We focused on Idle and Active use cases in this experiment as described below:

- **Idle**: In this experiment, we captured the whole network traffic from late in the evening to early in the morning, which we call idle time. In this period, the whole lab was completely evacuated and there were no human interactions involved.

- **Active**: In addition to the idle time, the whole network communications were also captured throughout the day. All fellow researchers during this period were allowed to enter the lab whenever they wanted. They might interact with devices and generate network traffic either passively or actively.
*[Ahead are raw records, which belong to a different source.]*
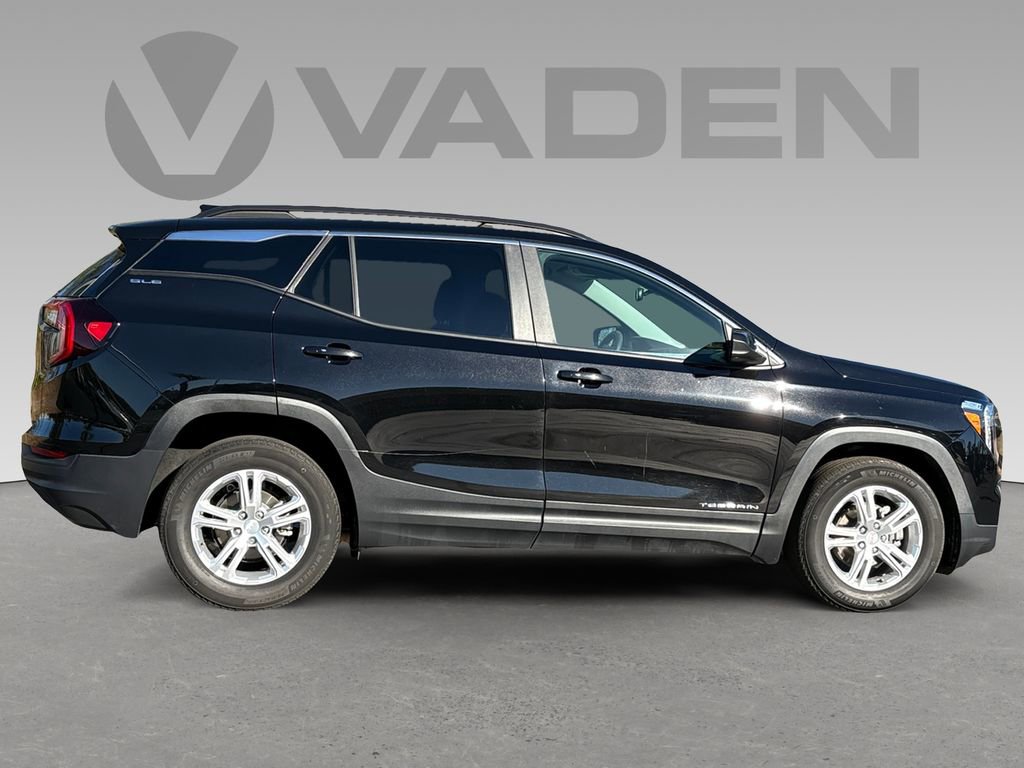 Used 2022 GMC Terrain SLE w/ Driver Convenience Package image 5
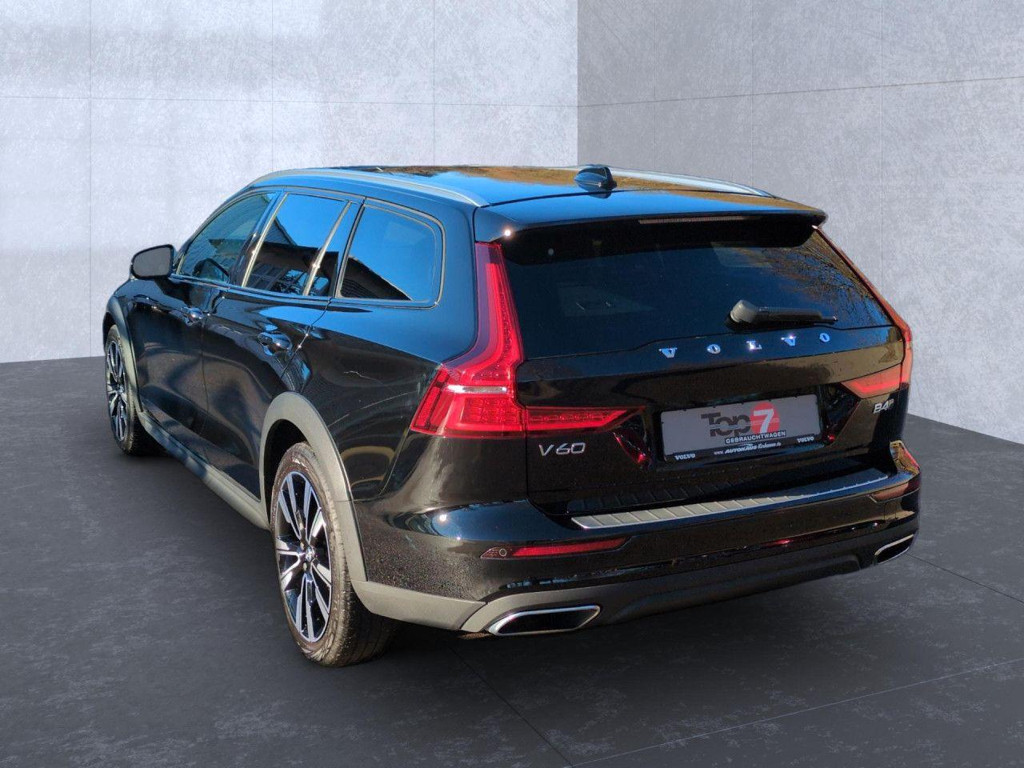 Volvo V60 Cross Country
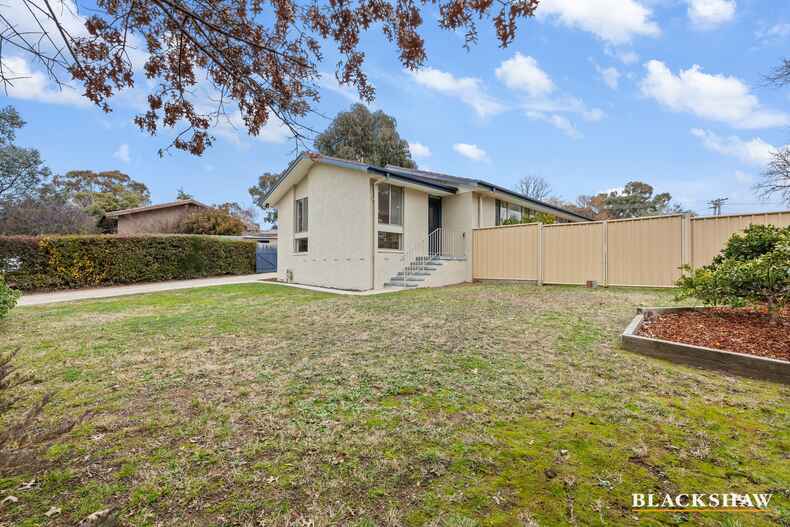 48 De Graaff Street Holder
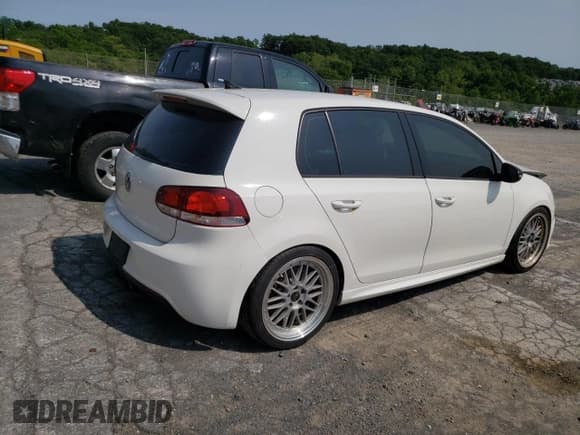✅ 2012 Volkswagen Golf R • VIN: WVWPF7AJ9CW214533 • Лот: 58706945. Опубликован ранее на Copart с пробегом 191 058 миль. Бесплатный доступ к архиву аукционных продаж из США и подробный отчёт об истории автомобиля на DreamBid. Изображение 3.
To create chunks from a large PCAP file:


```
editcap -c [chunk size] [inputfile.pcap]  [outputdir]/[prefix].pcap
```

**In the following, we fix the chunk size to 10000 Frames.**

To extract pcap into a csv file:


```
tshark -r [file.pcap]  -T fields -e frame.number -e frame.interface_id -e frame.len -e frame.protocols -e frame.time_delta -e ip.hdr_len -e ip.len -e ip.proto -e ip.ttl -e ip.version -E aggregator="$" -E separator=";" -E header=y
```



## 1 - Verify runtime environment

In [None]:
import pandas as pd
import numpy as np
try:
    import google.colab
    IN_COLAB = True
    # Load the autoreload extension for IPython
    %load_ext autoreload
    # Set the autoreload extension to reload modules every time they are imported, so that changes made to code in the src folder are reflected in the running code
    %autoreload 2
    %pip install scikit-learn==1.3.1
except:
    IN_COLAB = False


## 2 - Helper functions

### 2.1 - Function to preprocess the data
For each packet:
* drop columns that are completely empty
* use onehot encoding for protocols
* create an index with filenames
* clean nested data EX: `34$45` -> `34`
* fill missing value with a default value (`-1`)

In [None]:
def keep_columns_with_data(df):
    return df.loc[:, df.apply(lambda x: x.isnull().sum() != df.shape[0], axis=0)]

def encode_protocols(df, colname):
    protocols_df = df[colname].str.get_dummies(sep=':')

    data_with_protocols = pd.concat([df, protocols_df], axis=1)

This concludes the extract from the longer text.